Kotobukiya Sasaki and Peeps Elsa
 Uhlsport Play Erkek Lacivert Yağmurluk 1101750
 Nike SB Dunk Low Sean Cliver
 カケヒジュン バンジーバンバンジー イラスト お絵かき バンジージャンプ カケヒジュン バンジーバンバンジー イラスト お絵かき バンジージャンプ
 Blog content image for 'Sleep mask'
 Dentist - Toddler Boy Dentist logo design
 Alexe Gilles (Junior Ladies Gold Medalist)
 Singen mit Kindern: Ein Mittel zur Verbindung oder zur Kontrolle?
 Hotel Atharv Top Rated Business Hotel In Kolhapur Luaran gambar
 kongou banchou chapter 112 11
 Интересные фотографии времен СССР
=-=-=-=-=
=== PROBLEM REQUIREMENTS ===
Extract the lines above, from the first one through the one containing "Singen mit Kindern: Ein", and return only those, unchanged.

=== WRITTEN ANSWER ===
Kotobukiya Sasaki and Peeps Elsa
 Uhlsport Play Erkek Lacivert Yağmurluk 1101750
 Nike SB Dunk Low Sean Cliver
 カケヒジュン バンジーバンバンジー イラスト お絵かき バンジージャンプ カケヒジュン バンジーバンバンジー イラスト お絵かき バンジージャンプ
 Blog content image for 'Sleep mask'
 Dentist - Toddler Boy Dentist logo design
 Alexe Gilles (Junior Ladies Gold Medalist)
 Singen mit Kindern: Ein Mittel zur Verbindung oder zur Kontrolle?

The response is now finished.